With all of the necessary server side components installed and functioning properly, I began testing the server from the client end. I used my personal workstation under Linux to perform the initial testing with good results. The gateway dialed up the PPP link on demand and masked frames from my workstation correctly. As intended, Diald took the PPP link down after several minutes of disuse.

The next step was to install and configure TCP/IP stacks on the workstations in the office. At the time, most of our workstations were using Microsoft Windows for Workgroups 3.11 and Novell's VLM client to access our Novell 3.12 server. I initially tried Microsoft's Wolverine TCP/IP stack (both the 16 bit and 32 bit versions), but that required that we use Microsoft's Netware client to access our Novell 3.12 server since it was not possible to run the VLM client and the Microsoft's TCP/IP stack simultaneously. Unfortunately, Microsoft's Netware client resulted in incompatabilities with our mission-critical applications and unacceptable performance degredations on the workstations, so I had to find another solution. After some extensive searching, I found that Novell had an add-on TCP/IP stack for use with the VLM client. I downloaded it along with the latest VLM client and installed them on the workstations of users needing Internet access. The installation and configuration went smoothly, and the incompatability problems we had with the Microsoft TCP/IP stack did not exist with the Novell add-on stack. During this process, I assigned IP addresses to the workstations of users needing Internet access (legal staff and one of our legal assistants), and because our Novell 3.12 server did not have the NLM to do IP routing loaded, I had to connect all Internet users in the office to the same Ethernet segment, which involved moving some cable connections around on our 10BaseT hubs. I also installed Netscape Navigator 3.01 and the Eudora Lite mail client on the workstations. We also subscribe to WESTLAW, West Group's online legal research service, which we had been accessing by dialing into local access numbers. WESTLAW can also be accessed over the Internet, so I configured the WESTLAW retrieval programs on all of the machines to access WESTLAW using Windows Sockets. Now, all of the legal staff has access to WESTLAW from their workstations, whereas previously they users needing to use WESTLAW had to use the one workstation in the office with dialout capabilities.

At this time, the gateway machine was sitting in my office connected to the second 10BaseT in my office with the modem cable stretched across my desk. Once the initial tests were finished, I moved the gateway machine into our library where there was a 10BaseT cable and a phone line into our phone system. A call to our phone system consultant got the line activated for the modem, and the gateway machine was fully operational.

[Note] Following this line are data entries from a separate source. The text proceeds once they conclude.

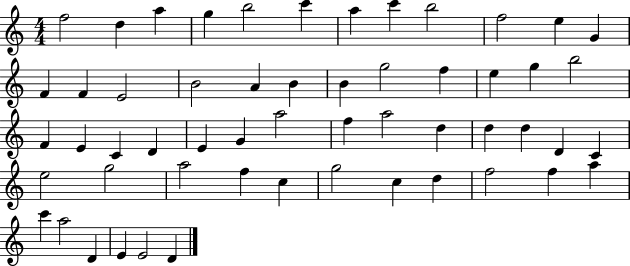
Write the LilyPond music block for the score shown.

{
  \clef treble
  \numericTimeSignature
  \time 4/4
  \key c \major
  f''2 d''4 a''4 | g''4 b''2 c'''4 | a''4 c'''4 b''2 | f''2 e''4 g'4 | \break f'4 f'4 e'2 | b'2 a'4 b'4 | b'4 g''2 f''4 | e''4 g''4 b''2 | \break f'4 e'4 c'4 d'4 | e'4 g'4 a''2 | f''4 a''2 d''4 | d''4 d''4 d'4 c'4 | \break e''2 g''2 | a''2 f''4 c''4 | g''2 c''4 d''4 | f''2 f''4 a''4 | \break c'''4 a''2 d'4 | e'4 e'2 d'4 | \bar "|."
}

When I first configured the workstations, I gave them each a host file in order to avoid needing to run named on the gateway machine. However, I subsequently decided to start running named on the gateway because of an increase in the number of users needing Internet access and the commensurate increase in the number of IP addresses on the network. When I first set up named, I configured it to forward requests for addresses off of our network to our ISP's nameserver. However, by default, diald is configured to ignore inter-nameserver traffic, which prevented diald from bringing up the link when there was a query for an off-site address. I reconfigured diald not to ignore such requests when deciding whether to bring up the PPP link, but then the line was being brought up for named chatter and even when there was a request for a local address. I eventually reconfigured diald not to forward requests to our ISP's nameserver, and I configured the workstations to query the gateway machine for domain names followed by the ISP's primary and secondary nameservers. I have since figured out how to configure named and diald to forward requests for addresses not in our domain to our ISP's nameserver and also not to bring up the dialup link for needless nam ed chatter, and so now I have all the workstations send DNS inquiries only to the local named running on our gateway machine.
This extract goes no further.